Podemos entender essa jornada a partir de um triângulo com quatro degraus, a Pirâmide da Hidrosabedoria:

·         Dados: São os números brutos. "Choveu 20mm".

·         Informação: É o dado contextualizado. "A média de chuva em novembro é de 25mm".

·         Conhecimento: É a aplicação da informação. "Essa chuva é suficiente para encher nossos reservatórios".

·         E, finalmente, a Sabedoria: É a aplicação ética e compassiva do conhecimento. "Vamos usar essa água com consciência, garantindo que haja para todos, hoje e no futuro, protegendo as nascentes e honrando este dom."

A sabedoria, o ápice dessa pirâmide, é o território da Hidrosofia. É ela que nos permite discernir como viver em harmonia com os ciclos da água.

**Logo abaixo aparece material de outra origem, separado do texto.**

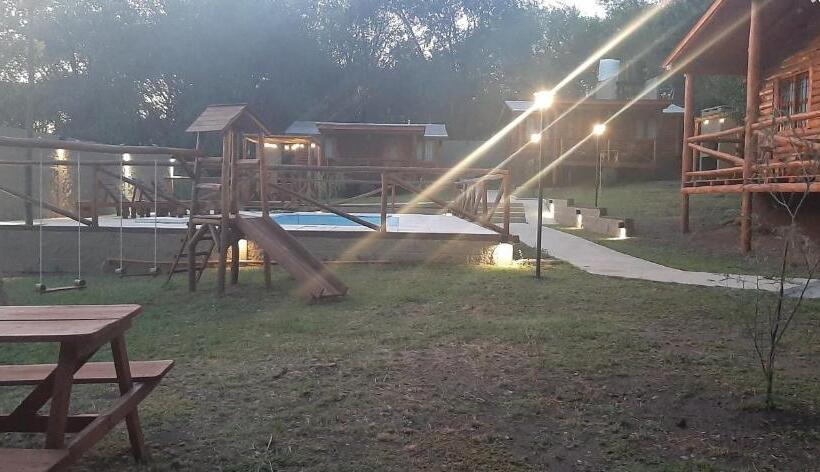 ユースホステル Cabañas Samay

Essa sabedoria se manifesta em ações coletivas. É aqui que a Hidrosofia encontra seu braço prático no Mutirão das Águas. Se a Hidrosofia é a filosofia, o mutirão é a ação. É a ajuda mútua, o trabalho coletivo – conceito tão brasileiro – aplicado à cura das águas do planeta. Reúne em uma mesma margem de rio o conhecimento técnico do cientista, a sabedoria ancestral do indígena, o poder de ação do governo e a força da comunidade.

O Mutirão das Águas, inspirado pela lógica que tomou corpo na COP-30 em Belém, é a materialização da Hidrosofia. É a compreensão de que a segurança hídrica é a base de toda a segurança – alimentar, energética, sanitária e social. E que a gestão fragmentada é uma das maiores ameaças ao nosso futuro.

Portanto, a Hidrosofia não é um conceito abstrato para acadêmicos. É um convite para cada um de nós. É beber um copo d'água com gratidão. É perceber a chuva não como um transtorno, mas como uma bênção que sustenta a vida. É entender que a água que flui em nossas veias é a mesma que corre nos rios, que evapora para formar as nuvens e que retorna para nutrir a terra.

É uma mudança de consciência: de uma hidroalienação – onde a água é um mero recurso distante – para uma hidroconsciência – onde percebemos nossa inextricável ligação com o ciclo da vida.

Que possamos, juntos, nos tornar hidrósofos. Pessoas que não apenas usam a água, mas que a entendem, a respeitam e a honram. Porque garantir que as águas do planeta continuem a fluir, límpidas e abundantes, talvez seja a mais urgente e bela expressão de sabedoria do nosso tempo.